The Top 50 Films of 2014

Best-movies-lead

2014 was an outstanding year for cinema. From the blockbusters to the little indies, there were some truly exceptional films. I saw as many as I could, but you can’t see everything, and there were a number of movies that I’m sure could have made their way onto this list. Alas, I can only rank what I’ve seen. Here are the films I have yet to watch, followed by the 50 best I saw from this past year.

Didn’t see – The Homesman, Mr. Turner, Two days One Night, Listen Up Phillip, Leviathan, Hector and the Search for Happiness, Kill the Messenger, The Trip to Italy, Laggies, Rudderless, 20,000 Days on Earth, How to Train Your Dragon 2, Get On Up, A Girl Walks Home Alone at Night, Wild Tales, Finding Vivian Maier, The Kingdom of Dreams and Madness, Predestination.

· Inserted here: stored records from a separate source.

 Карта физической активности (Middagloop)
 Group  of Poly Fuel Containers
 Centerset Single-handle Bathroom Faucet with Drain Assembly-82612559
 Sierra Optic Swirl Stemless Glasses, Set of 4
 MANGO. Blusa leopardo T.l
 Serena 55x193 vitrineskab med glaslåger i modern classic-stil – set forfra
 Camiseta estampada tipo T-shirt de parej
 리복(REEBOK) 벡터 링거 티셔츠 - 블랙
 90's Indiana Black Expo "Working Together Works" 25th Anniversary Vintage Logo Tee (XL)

50.) We Are the Best! – Set in 1982 Stockholm during the rise of disco and the death of punk, We Are the Best! emphatically looks at generational gaps. Three young girls, only one of whom knows how to play an instrument, start their own band to rebel, and come together, during the part of adolescence where identity is crucial. It’s funny, insightful, and as riotous as the bands eschewing the mainstream.

49.) Love Is Strange – John Lithgow and Alfred Molina play seasoned lovers forced to move from their longtime apartment. While bits can be extraneous, Love Is Strange offers something important for viewers of all sexual orientations. Love can always work, but you have to be willing to put in the effort. The tremendous acting appeals to all of your emotions.

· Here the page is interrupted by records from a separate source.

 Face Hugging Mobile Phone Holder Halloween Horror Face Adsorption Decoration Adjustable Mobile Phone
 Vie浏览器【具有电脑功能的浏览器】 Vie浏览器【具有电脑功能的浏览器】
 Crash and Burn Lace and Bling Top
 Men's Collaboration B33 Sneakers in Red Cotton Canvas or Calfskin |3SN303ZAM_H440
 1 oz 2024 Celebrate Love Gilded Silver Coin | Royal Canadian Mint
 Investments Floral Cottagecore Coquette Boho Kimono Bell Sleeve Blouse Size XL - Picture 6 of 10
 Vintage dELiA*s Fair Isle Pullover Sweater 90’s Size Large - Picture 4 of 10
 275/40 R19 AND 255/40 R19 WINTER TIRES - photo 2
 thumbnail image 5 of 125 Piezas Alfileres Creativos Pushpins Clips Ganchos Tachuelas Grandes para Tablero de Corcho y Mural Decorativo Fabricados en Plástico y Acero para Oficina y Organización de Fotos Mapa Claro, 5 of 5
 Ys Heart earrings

48.) The Imitation Game – As ordinary as a biographical film can be, The Imitation Game succeeds solely because of two tremendous pieces of acting from Benedict Cumberbatch and Kiera Knightley. It’s clichéd, at times even forgettable, but the fine British actors save the day. Their performances are nuanced and elevate an otherwise benign, average movie.

47.) The Congress – Easily the wildest, trippiest ride I had watching a movie this year, The Congress is a blend of live action and transitions into beautiful animation. Robin Wright plays herself, an aging actress who is scanned into a computer, her likeness to be used as a forever young leading lady. It’s Hunter S. Thompson level out there, but it’s also deeply emotional and paints a dubious, colorful picture of Hollywood’s unattainable standards.

46.) Young Ones – Bolstered by a tremendous cast, Young Ones is the sci-fi western nobody asked for but we all needed. The narrative is scattered, yet underneath is a visually stunning film. It’s entirely original in its depiction of the not so distant future and grounds itself in the dog eat dog, profiteering, Machiavellian commercialism we’re surrounded by today.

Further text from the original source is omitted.